- _Required work_: What should be copied is the stretch of entries below from the line with "The 15 Best" up to and including the line with "Discover ValeryLargo from BongaCams", exactly and without images.

- _Record excerpts_:
————

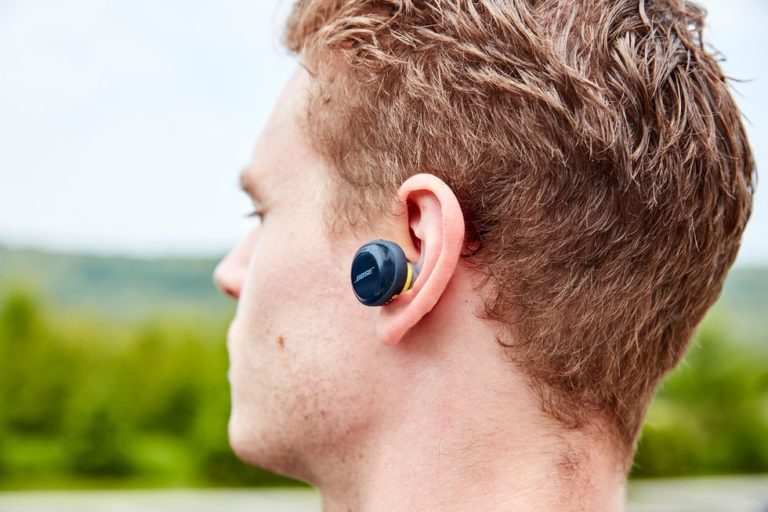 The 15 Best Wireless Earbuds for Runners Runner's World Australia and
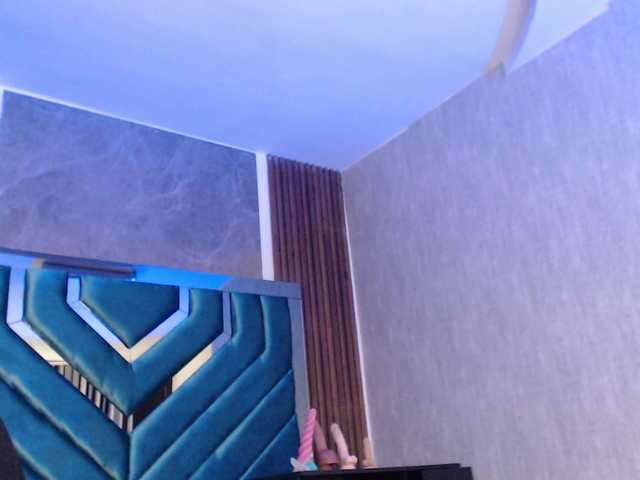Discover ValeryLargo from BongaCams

————

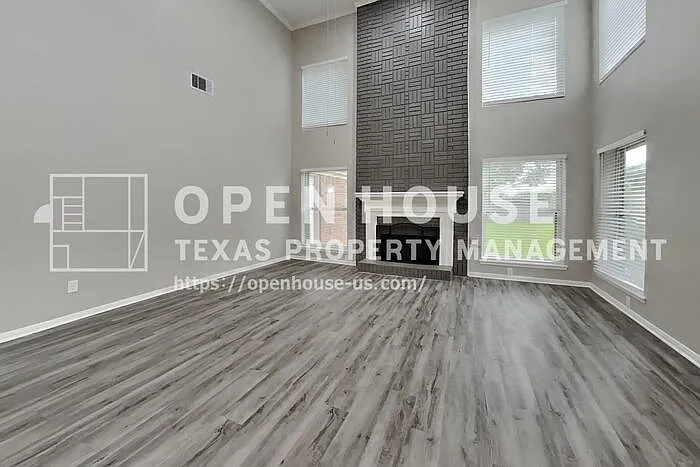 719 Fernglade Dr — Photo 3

————

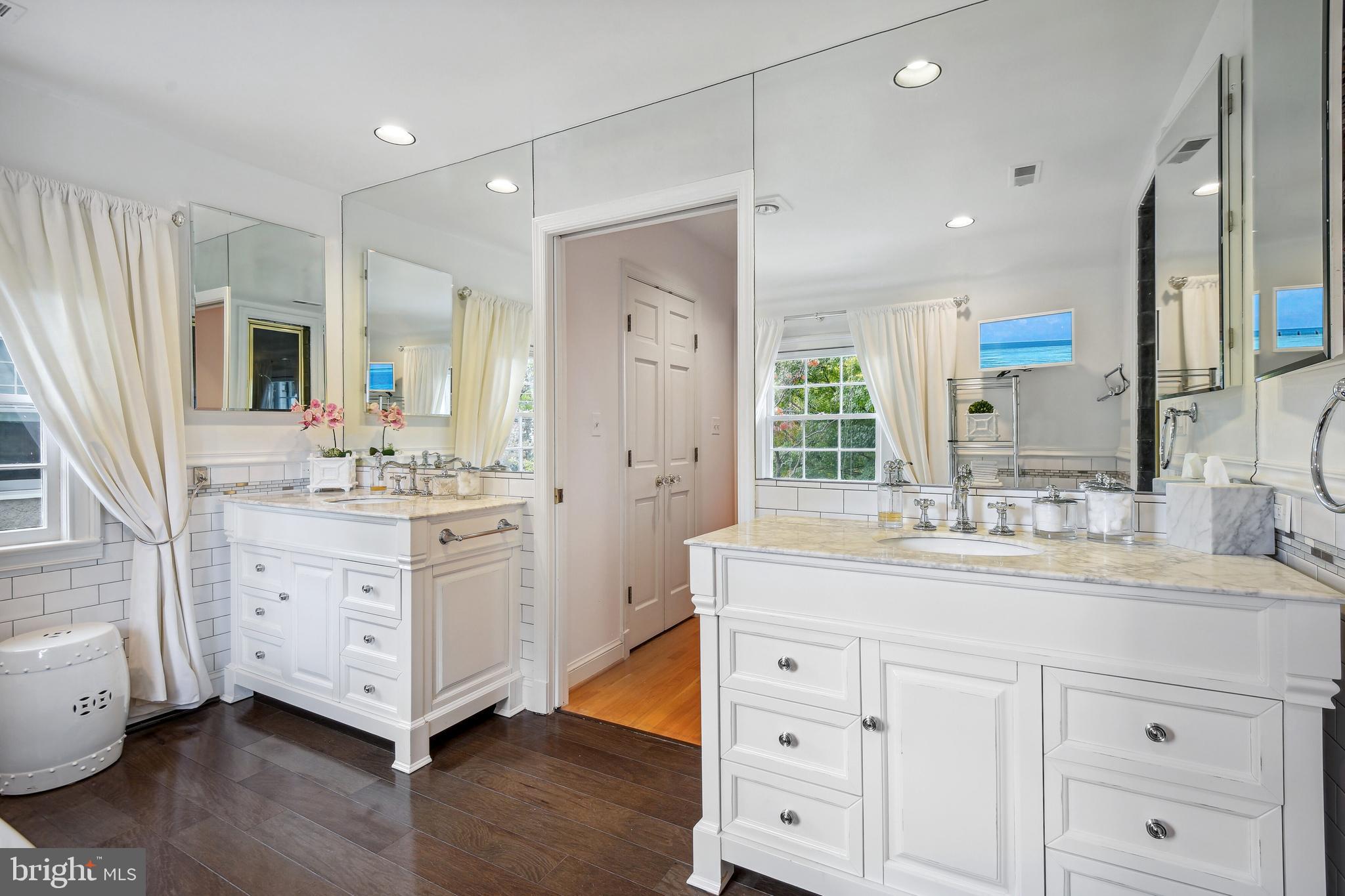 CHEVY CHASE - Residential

————

- _Solution for this problem_:
 The 15 Best Wireless Earbuds for Runners Runner's World Australia and
Discover ValeryLargo from BongaCams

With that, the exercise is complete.